The prisoners of the Colwood Crawl can dimly see hope through their windshields, now that the province has chosen a design for the new interchange at McKenzie Avenue and the Trans-Canada Highway.

The prisoners of the Colwood Crawl can dimly see hope through their windshields, now that the province has chosen a design for the new interchange at McKenzie Avenue and the Trans-Canada Highway.

While the project should uncork that notorious intersection and give welcome relief to many drivers, it’s unlikely to be a complete solution, as it will push the bottlenecks farther down the road.

The new interchange will be a partial cloverleaf, Transportation Minister Todd Stone announced Tuesday. After open houses, about 75 per cent of the people who gave their opinions backed that design.

By late 2018, the $85-million project should be open for traffic, and Stone estimates it will cut about 22 minutes off the commute time. That will be joyous news for West Shore residents who have spent years crawling to and from Victoria at rush hour.

Stone expects it will be safer, as well, as it will reduce the number of accidents and injuries.

Some neighbours, such as Rob Wickson, president of Gorge Tillicum community association, are unhappy with the effect it will have on their communities and on Cuthbert Holmes Park, which will lose 1.4 hectares. That area is supposed to be replaced, with an opportunity to improve trails and water flow in the area.

The plan does offer improvements for pedestrians and cyclists, who will get better and wider overpasses over the highway and McKenzie.

For those with their eyes on the future, there is a corridor on the north side of the Trans-Canada that could carry light rail transit if such a dream is ever realized. That dream, or some other form of mass transit, is the only way to truly fix the Colwood Crawl and other bottlenecks.

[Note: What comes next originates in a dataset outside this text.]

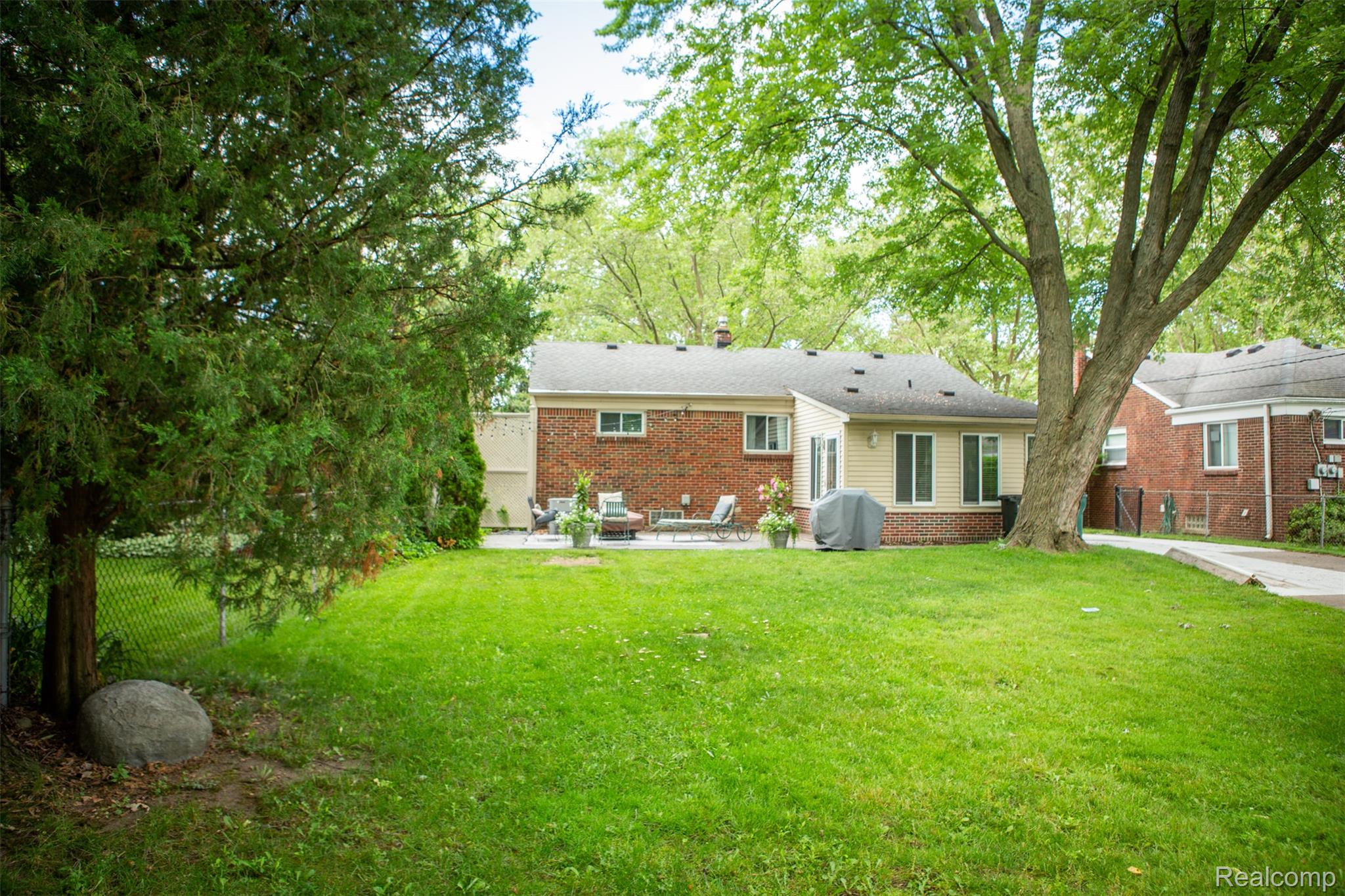 Birmingham City, Michigan 48009, United States, 3 Bedrooms Bedrooms, ,2 BathroomsBathrooms,Residential,Active,227408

When the new interchange opens, cars coming into Victoria will back up at Tillicum Road, while those heading to the Peninsula or the University of Victoria will idle at Burnside Road, Carey Road or Glanford Avenue. At least initially, those jams will likely be less acute than the current one, but it’s an inflexible rule of highway construction that new roads always fill with traffic.

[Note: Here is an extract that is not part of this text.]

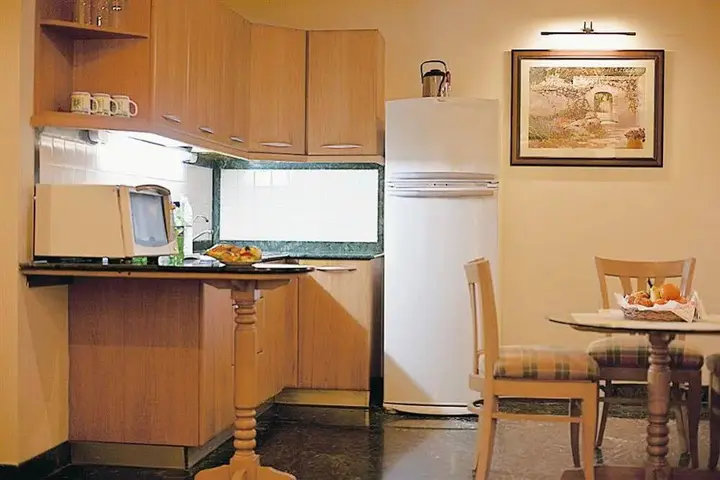 Нойда: Savoy Suites Noida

To get around that rule, planners have to give commuters alternatives to the car. With the distances to the West Shore, that means mass transit, whether it’s rapid buses or light rail. The latter requires high passenger numbers to be viable, so it could be years away, but buses are within easy reach.

“I don’t think we’re really going to be addressing the issues of the congestion problem until we give motorists and folks living in the West Shore a better alternative for getting downtown,” said Edward Pullman, president of the Greater Victoria Cycling Coalition, who generally likes the design. “I would say this project is incomplete without a rapid-transit component.”

To its credit, the province has acknowledged the need by setting aside the corridor for a transit line. When the next bottlenecks begin driving drivers to distraction, the solution should focus on that option and not another cloverleaf.

The only way to cure big traffic jams is to put fewer cars on the road.